Kwadwo Adu Genfi Amponsah (born 4 January 1993), known professionally as Kojey Radical, is a British music artist, creative director and mixed media visual artist. His style has been described as a mix of grime-y hip hop, alternative rap and spoken word. Since 2018, he has received six nominations at the MOBO Awards, including Best Newcomer. He also performed at the 2020 and 2022 MOBOs ceremonies.

Early life
Radical was raised in Shoreditch and Hoxton, London, the son of Ghanaian immigrants. He began as a spoken word poet and mixed media illustrator, graduating from London College of Fashion with a First Class Honours Bachelor of Arts degree in Fashion Illustration.

Career

2014–2016: Dear Daisy: Opium and career beginnings
In 2014, Radical released his first musical project Dear Daisy: Opium just after graduating. Media commentators stated Dear Daisy was Radical's first music project in which he touched on topics of love, social media and religion. It spawned from a book with the same name Radical was illustrating during his time at university. Radical linked up with UK artist and producer Jay Prince, who produced Radical's first official record, The Garden Party. Radical followed up with a record called "Bambu", which subsequently became the first single on his sophomore EP, 23Winters. Bambu made use of blackface, a persona Radical would later adopt in majority of his early visuals.

After supporting Young Fathers on tour, Radical later released "Open Hand" a record that saw him adopt a much more political stance in his music. premiering the visual at Tate Britain in 2015. Radical aimed to offer an alternative outlook on socio-political issues.
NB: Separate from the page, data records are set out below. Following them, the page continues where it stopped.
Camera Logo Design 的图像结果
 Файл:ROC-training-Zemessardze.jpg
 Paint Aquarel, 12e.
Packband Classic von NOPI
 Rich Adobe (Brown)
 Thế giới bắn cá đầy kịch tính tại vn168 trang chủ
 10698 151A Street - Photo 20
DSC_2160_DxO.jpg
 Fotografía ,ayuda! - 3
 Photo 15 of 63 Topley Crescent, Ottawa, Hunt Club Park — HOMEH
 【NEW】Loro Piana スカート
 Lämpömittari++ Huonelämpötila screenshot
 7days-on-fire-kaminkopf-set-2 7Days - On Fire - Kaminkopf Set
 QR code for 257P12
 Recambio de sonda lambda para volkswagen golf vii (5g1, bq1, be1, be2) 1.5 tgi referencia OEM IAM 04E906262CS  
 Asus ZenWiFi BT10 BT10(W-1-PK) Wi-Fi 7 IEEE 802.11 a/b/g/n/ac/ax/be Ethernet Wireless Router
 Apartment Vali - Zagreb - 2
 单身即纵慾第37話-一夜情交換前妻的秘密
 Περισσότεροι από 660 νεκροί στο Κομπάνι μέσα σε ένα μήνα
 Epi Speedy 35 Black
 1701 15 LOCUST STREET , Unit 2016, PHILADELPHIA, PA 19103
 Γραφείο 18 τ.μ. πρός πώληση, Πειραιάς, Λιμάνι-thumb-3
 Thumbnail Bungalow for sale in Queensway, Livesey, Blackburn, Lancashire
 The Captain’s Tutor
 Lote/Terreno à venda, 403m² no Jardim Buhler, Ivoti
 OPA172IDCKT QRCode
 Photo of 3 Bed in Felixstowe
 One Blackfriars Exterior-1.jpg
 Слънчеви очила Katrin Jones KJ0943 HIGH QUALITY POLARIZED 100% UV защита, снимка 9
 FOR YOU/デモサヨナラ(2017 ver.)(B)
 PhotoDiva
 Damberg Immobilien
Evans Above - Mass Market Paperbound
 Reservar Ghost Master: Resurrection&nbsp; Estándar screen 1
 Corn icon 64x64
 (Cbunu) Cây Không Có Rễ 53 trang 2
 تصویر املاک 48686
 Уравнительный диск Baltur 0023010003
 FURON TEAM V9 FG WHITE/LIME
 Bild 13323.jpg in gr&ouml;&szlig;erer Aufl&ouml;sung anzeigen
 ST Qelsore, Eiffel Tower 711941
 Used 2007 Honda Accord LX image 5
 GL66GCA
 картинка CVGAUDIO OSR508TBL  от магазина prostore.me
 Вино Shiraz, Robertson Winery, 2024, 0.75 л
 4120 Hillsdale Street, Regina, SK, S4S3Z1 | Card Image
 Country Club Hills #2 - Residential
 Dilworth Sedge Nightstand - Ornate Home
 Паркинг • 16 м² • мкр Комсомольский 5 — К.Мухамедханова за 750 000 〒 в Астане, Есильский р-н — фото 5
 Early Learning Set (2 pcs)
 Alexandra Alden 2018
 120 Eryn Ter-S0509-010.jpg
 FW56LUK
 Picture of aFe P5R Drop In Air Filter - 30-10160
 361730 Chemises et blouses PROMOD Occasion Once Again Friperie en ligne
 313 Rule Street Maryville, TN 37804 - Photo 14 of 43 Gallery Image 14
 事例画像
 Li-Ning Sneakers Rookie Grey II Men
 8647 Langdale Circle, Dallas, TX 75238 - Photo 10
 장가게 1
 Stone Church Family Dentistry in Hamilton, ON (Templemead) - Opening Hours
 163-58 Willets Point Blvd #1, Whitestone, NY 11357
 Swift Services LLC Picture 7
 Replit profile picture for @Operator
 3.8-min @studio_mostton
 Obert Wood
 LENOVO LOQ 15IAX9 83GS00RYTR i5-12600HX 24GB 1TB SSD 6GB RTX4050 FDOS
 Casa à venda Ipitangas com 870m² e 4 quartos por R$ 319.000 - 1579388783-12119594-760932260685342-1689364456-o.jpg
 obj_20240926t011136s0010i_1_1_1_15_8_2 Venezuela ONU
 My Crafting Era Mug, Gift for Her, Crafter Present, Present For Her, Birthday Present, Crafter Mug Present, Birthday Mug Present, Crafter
He later followed up with a record called "Kwame Nkrumah" before releasing the 23Winters EP in February 2016. "Kwame Nkrumah" was written in honour of the first Ghanaian president and Ghana's independence.

The 23Winters EP was a personal analysis of a relationship between father and son, with themes of religion, society, family, love, new-age revolution and African diaspora narrated by Kojey's father. The project includes production from KZ The Producer, Fwdslxsh, Lupus Cain, Mike Keyz, Selvsse, Niels Kirk & New Machine as well as collaborations from Tom Grenan, Ray Blk & Bobii Lewis. It has been described as "a supreme phonic proclamation of one’s ethnicity, history, and future." In an interview with The Source Magazine Radical stated his intention was to "...create a body of work that voices my ideas and philosophies while also offering another sense of perspective... " 23Winters also saw Kojey nominated for two MOBO Awards, one for Best Newcomer and one for Best Video. The project independently debuted in 3rd position in the Rap & Hip Hop Albums Charts and also entered the UK top 40.

2017–present: In Gods Body and Cashmere Tears
In 2017, Radical returned with his third EP, In Gods Body. It includes features from Shola Ama, Ghetts, Tamera Foster, Miloh Smith, dance music producer Potè, Obongjayar and British actress and screenwriter, Michaela Coel. Coel recites a poem written by Kojey that serves as a central narration to the project.

Media commentators stated the project was a continuation of 23Winters, honing in on some of the messages recited by Radical's father and developed into a journey of self-discovery. Radical deconstructed the politics of black identity and race while introducing conversations about sexuality and love. Since the release of 23Winters, Radical has toured the world independently playing in Australia, New Zealand, Brazil, South Africa, Russia, and Europe. Radical has a long-lasting brand relationship has been with Adidas, which began in 2017. In 2018, Radical collaborated with Mahalia on her single, "Water", which was also featured in the soundtrack for the video game FIFA 19. This was followed up with another collaboration with the Leicester-born musician on the single, "One Night Only." The track went onto feature on Mahalia's EP, Seasons. During the same period, Radical and MJ Cole collaborated on the track, "Soak It Up." Radical and Adidas teamed up to create a short film about mental health and depression alongside director Max Luz and international fashion platform, SSense.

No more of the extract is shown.